Facing a future of necessary change

Recommendations

  • Create local communities where Japanese residents live in harmony with foreign residents.
  • Prevent international crimes which threaten daily life, through cooperation among Asian countries.
  • The International Migration Team of The Asahi Shimbun Asia Network (AAN) has conducted research, in cooperation with leading academics, on Japan's course in an age when cross-border migration is a rapidly developing trend in Asia.

    Against this backdrop, it is clear that Japan must transform its regional and industrial policies in order to live in harmony with its Asian neighbors, and bring about mutual benefits.

    Today, there are 670,000 foreign workers living in Japan, excluding permanent residents and spouses of Japanese. However, when they encounter problems raising children, discrimination in finding housing, or caring for the elderly, they often have no one to turn to for help despite the fact that those - who work here pay taxes just as Japanese citizens do.

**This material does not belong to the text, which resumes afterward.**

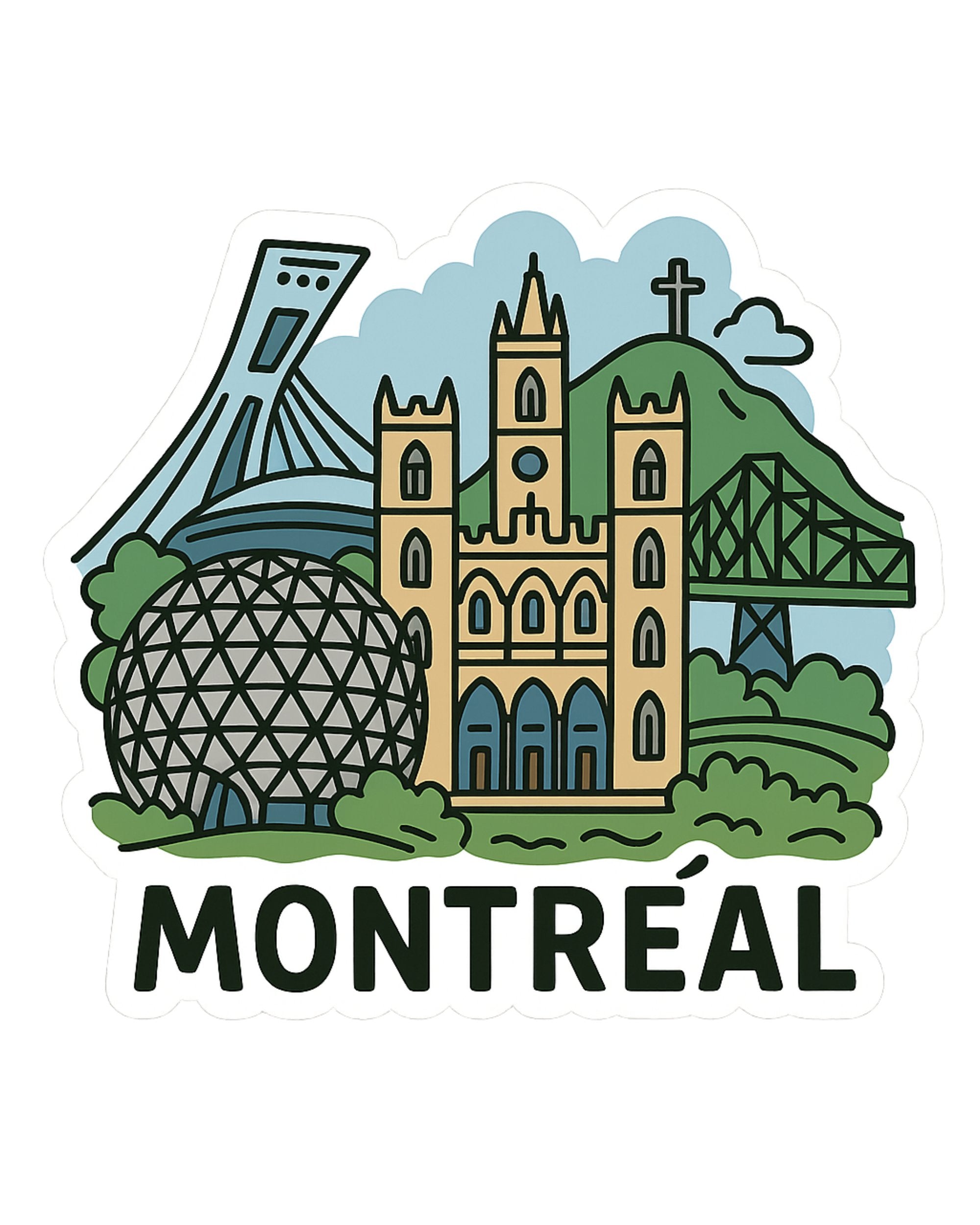 Autocollant - Montréal (lieux emblématiques)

    There is an urgent need to build local communities where foreigners can live in harmony with their neighbors, instead of being turned away as ''different.''

    In an effort to entice information technology (IT) specialists from India to come to Japan, the government has decided to make it easier for them to acquire visas. However, this alone is not enough to attract high-tech talent to Japan. Conditions such as a Silicon Valley-style industrial cluster, and guarantees of a comfortable lifestyle, must be created, or Japan risks becoming a faint shadow on the map of international migration for IT ''brains.''

    But there is a negative aspect to the age of international migration, since criminals, too, find it easy to cross borders. Drug trafficking and other dangerous international crimes must therefore be combated through cooperation with other Asian countries.